Notice, too, how Cain names his city. Throughout Genesis, godly people named places for the praise of God’s glory. Not Cain! “He called the name of the city after the name of his son, Enoch” (Gen. 4:17). What Cain cared about was the glory of his own achievements and those of his progeny. Likewise, secular culture is all about self-glory, with no concern for the glory of God.

Fast forward few hundred years to the seventh from Adam in the line of Cain, Lamech and his three sons. Here we see how secular culture is fixated on the sensual and worldly, with no concern for godly spirituality. Genesis gives the names of Lamech’s two wives (imagine that – a reinvention of marriage!) and his daughter. Without giving the details, they all refer to the beauty and sex appeal of the women. How we have evolved since then! Then we consider the staggering achievements of Lamech’s sons, who between them pioneer economics, the arts, and science (Gen. 4:20-22). These are good things in and of themselves, just as American culture is extraordinarily impressive in its worldly achievements. Noticeably absent, however, is worship and the knowledge of God.

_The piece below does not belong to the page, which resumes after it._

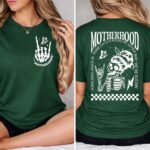 Motherhood Sometimes I Rock It T Shirt Funny Relatable Mom Graphic Tee Premium 100 Cotton Motherhood Life Top Made in USA.jpg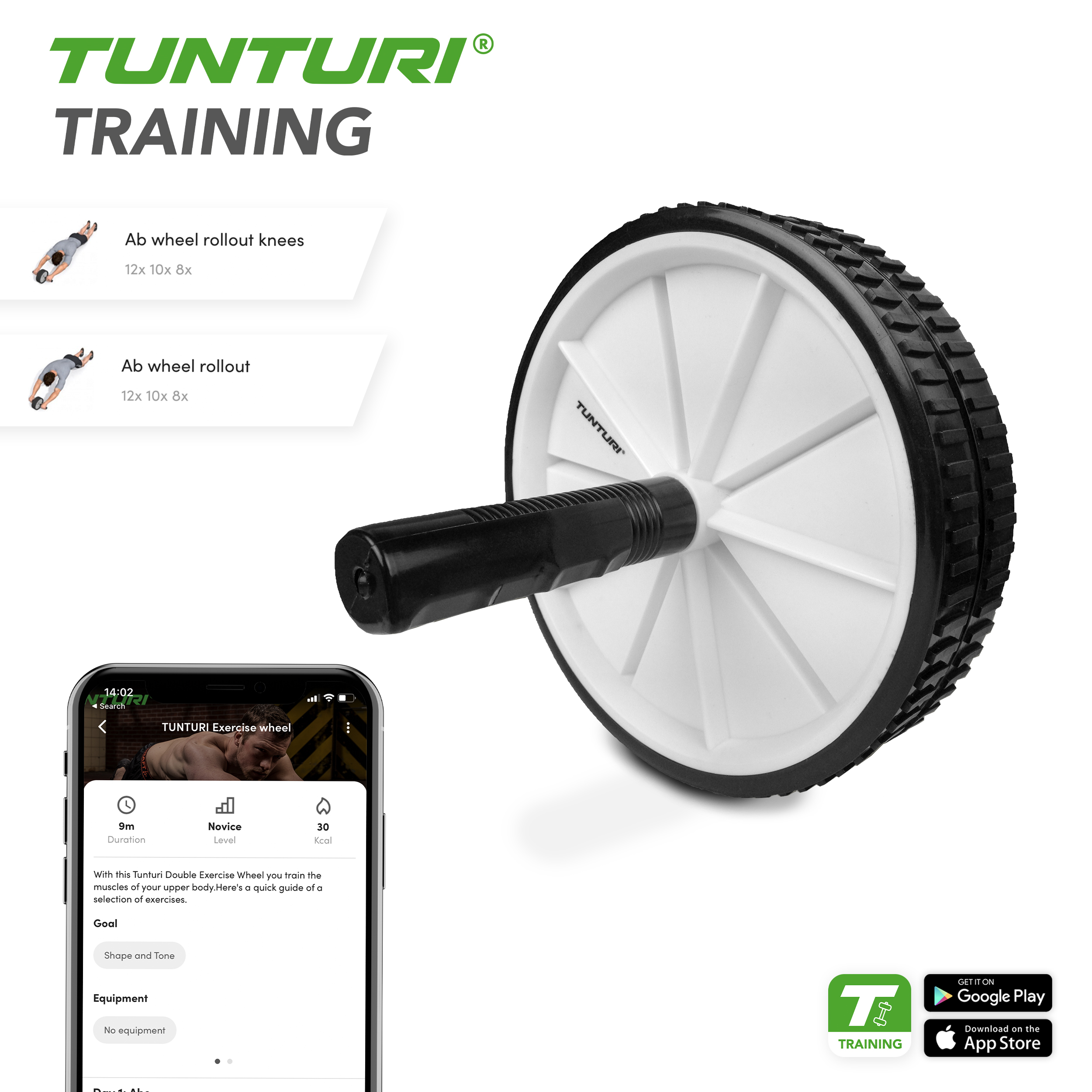 Tunturi ab wheel hotsell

If Lamech founded a university, it would have impressive colleges of business, arts, and science, but alas no school of divinity.

So here was the founding of secular culture, based on the brilliant talents of the earliest humans. It is impressive and forward moving! But it is also self-willed, self-glorying, and sensual/secular. Sound familiar? Were we expecting something different due to American exceptionalism? The biblical fact is that once the influence of God’s Word has receded from public life, there is no other possible trend for fallen human society.